ACTIVITY:
Each record that follows goes into your reply unchanged; the pictures do not.

Captioned web image data

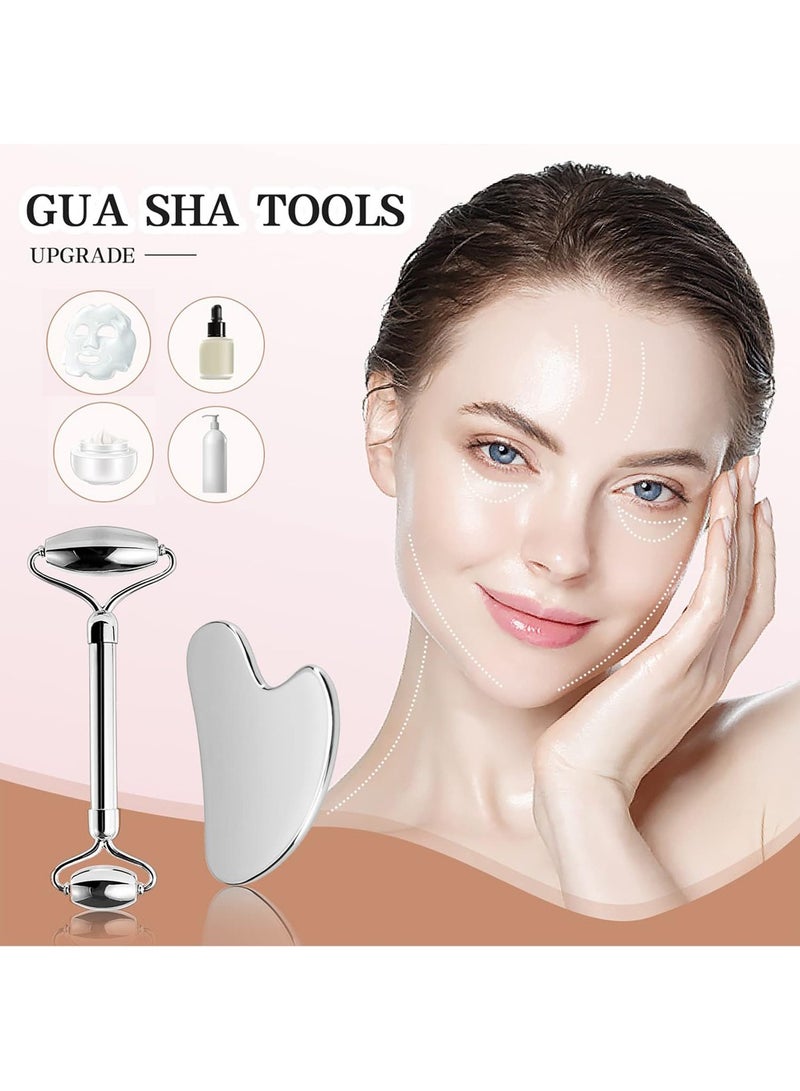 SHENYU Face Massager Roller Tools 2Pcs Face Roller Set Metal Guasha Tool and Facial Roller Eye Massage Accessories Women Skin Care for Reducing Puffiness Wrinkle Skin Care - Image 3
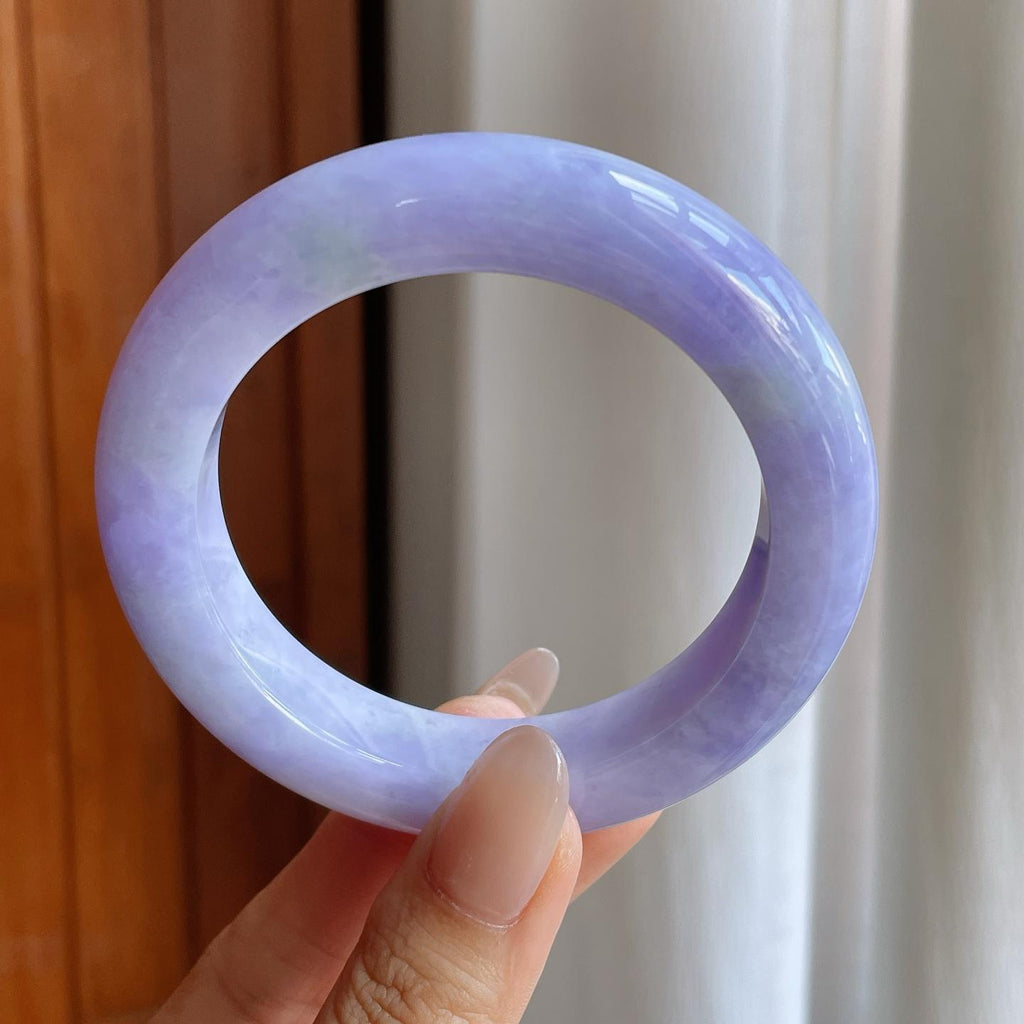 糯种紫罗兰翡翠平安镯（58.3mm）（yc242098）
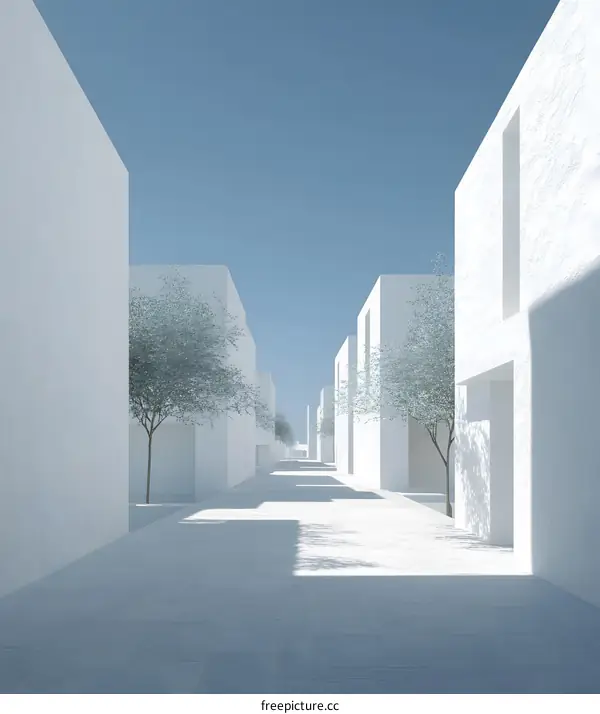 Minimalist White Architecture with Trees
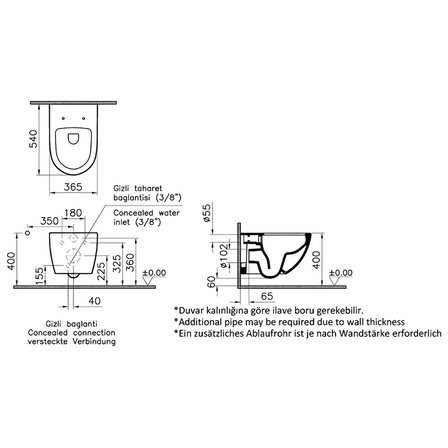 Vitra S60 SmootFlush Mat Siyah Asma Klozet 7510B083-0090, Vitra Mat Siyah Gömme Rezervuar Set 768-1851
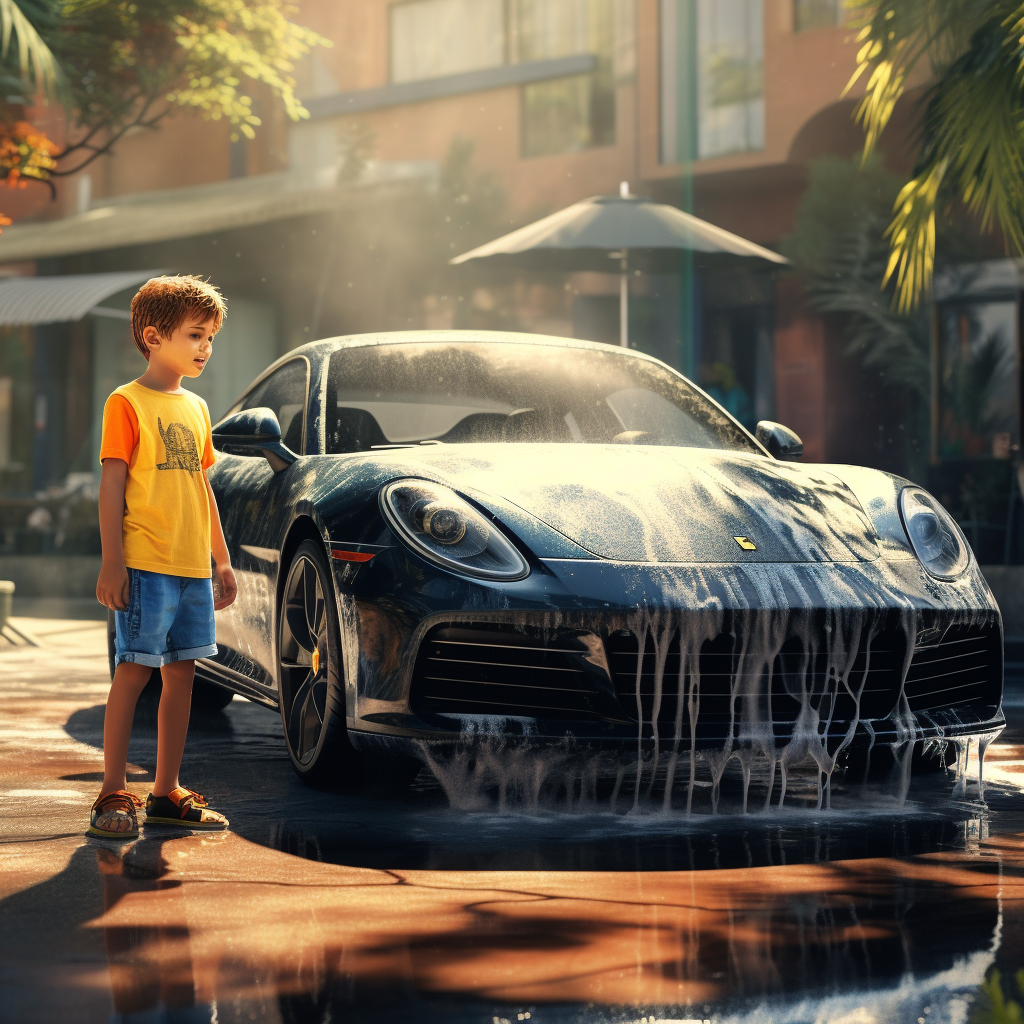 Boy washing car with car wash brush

RESULT FOR THIS EXERCISE:
 SHENYU Face Massager Roller Tools 2Pcs Face Roller Set Metal Guasha Tool and Facial Roller Eye Massage Accessories Women Skin Care for Reducing Puffiness Wrinkle Skin Care - Image 3
 糯种紫罗兰翡翠平安镯（58.3mm）（yc242098）
 Minimalist White Architecture with Trees
 Vitra S60 SmootFlush Mat Siyah Asma Klozet 7510B083-0090, Vitra Mat Siyah Gömme Rezervuar Set 768-1851
 Boy washing car with car wash brush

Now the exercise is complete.